119. Which one of the following halide ions is the poorest leaving group?
ⓐ. \( I^- \)
ⓑ. \( F^- \)
ⓒ. \( Br^- \)
ⓓ. \( Cl^- \)
Correct Answer: \( F^- \)
Explanation: A poor leaving group resists departure from the carbon atom during substitution. Fluoride ion is the poorest leaving group among the common halides because the \( C-F \) bond is very strong and difficult to cleave. Iodide leaves most easily, followed by bromide and chloride. So \( F^- \) is the least effective leaving group in this series.
120. Which pair correctly matches bond-strength trend and leaving-group trend for alkyl halides?
ⓐ. Bond strength: \( C-I > C-Br > C-Cl > C-F \); Leaving group: \( F^- > Cl^- > Br^- > I^- \)
ⓑ. Bond strength: \( C-F > C-Cl > C-Br > C-I \); Leaving group: \( F^- > Cl^- > Br^- > I^- \)
ⓒ. Bond strength: \( C-F < C-Cl < C-Br Cl^- > Br^- > F^- \)
ⓓ. Bond strength: \( C-F > C-Cl > C-Br > C-I \); Leaving group: \( I^- > Br^- > Cl^- > F^- \)
Correct Answer: Bond strength: \( C-F > C-Cl > C-Br > C-I \); Leaving group: \( I^- > Br^- > Cl^- > F^- \)

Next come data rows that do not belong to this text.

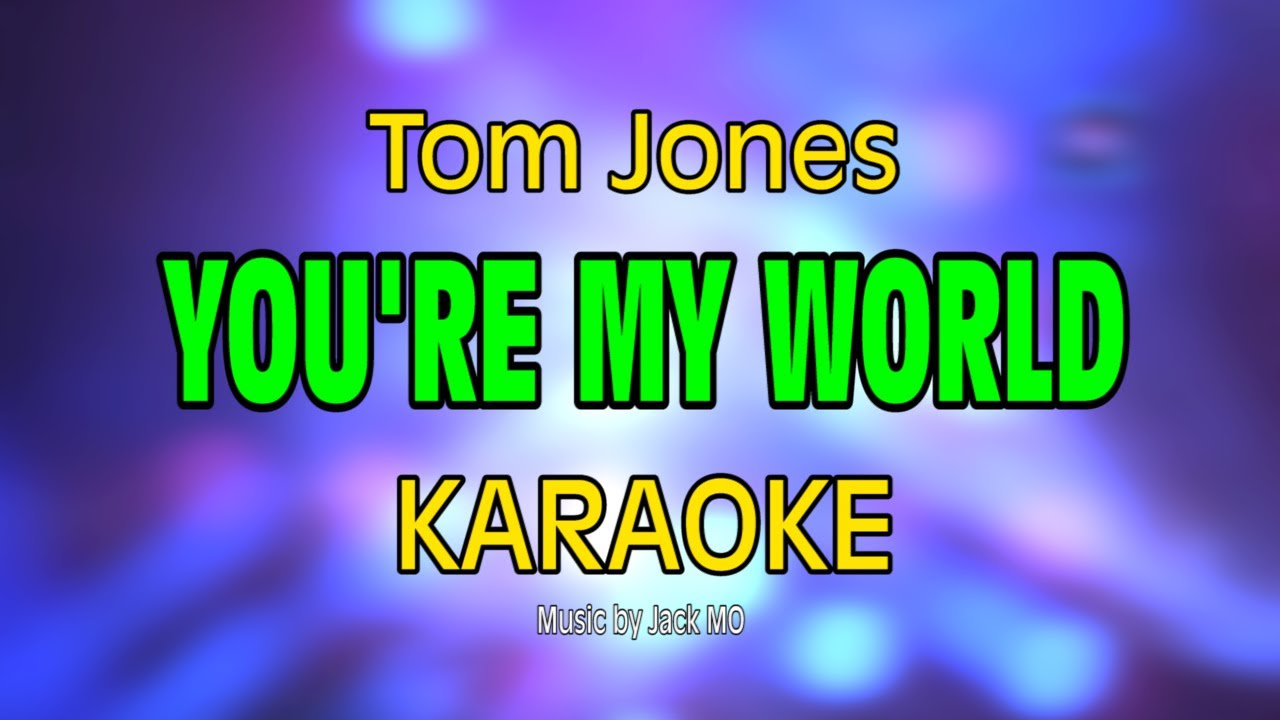 YOU'RE MY WORLD [ KARAOKE ] - TOM JONES@nuansamusikkaraoke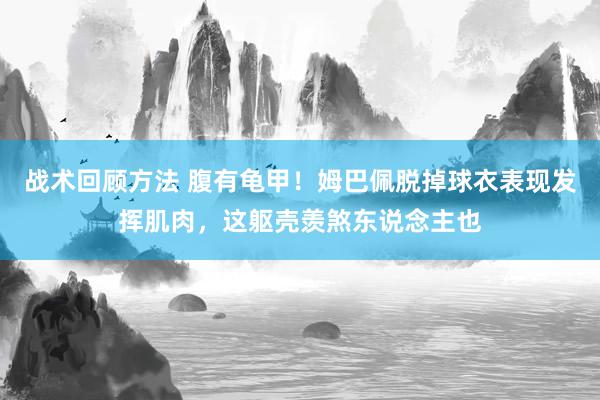 战术回顾方法 腹有龟甲！姆巴佩脱掉球衣表现发挥肌肉，这躯壳羡煞东说念主也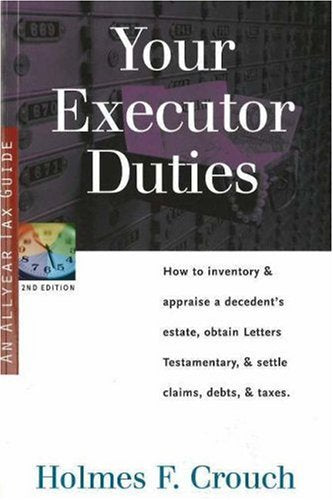 Your Executor Duties: Tax Guide 304 (SERIES 300: RETIREES AND ESTATES),Used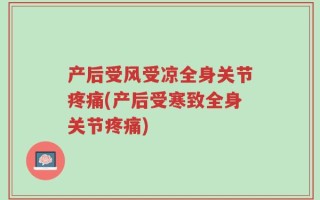 产后受风受凉全身关节疼痛(产后受寒致全身关节疼痛)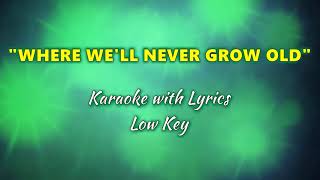 WHERE WE'LL NEVER GROW OLD "Karaoke" (Key : B♭)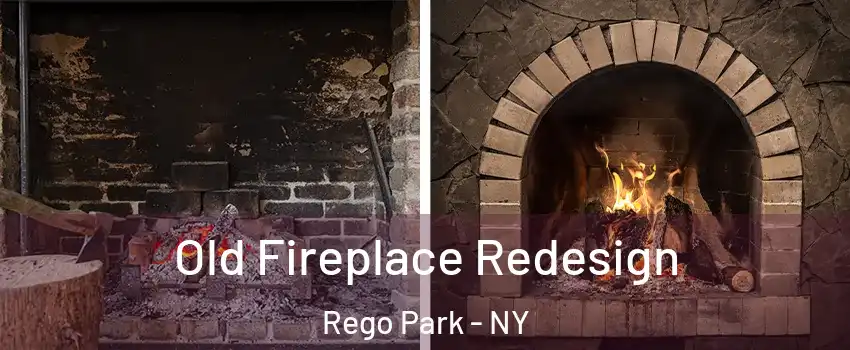Old Fireplace Redesign Rego Park - NY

Explanation: The carbon-halogen bond becomes weaker as the size of the halogen increases from fluorine to iodine. So the bond-strength order is \( C-F > C-Cl > C-Br > C-I \). At the same time, leaving-group ability improves in the opposite direction, giving \( I^- > Br^- > Cl^- > F^- \). Keeping these two trends separate helps avoid a very common confusion.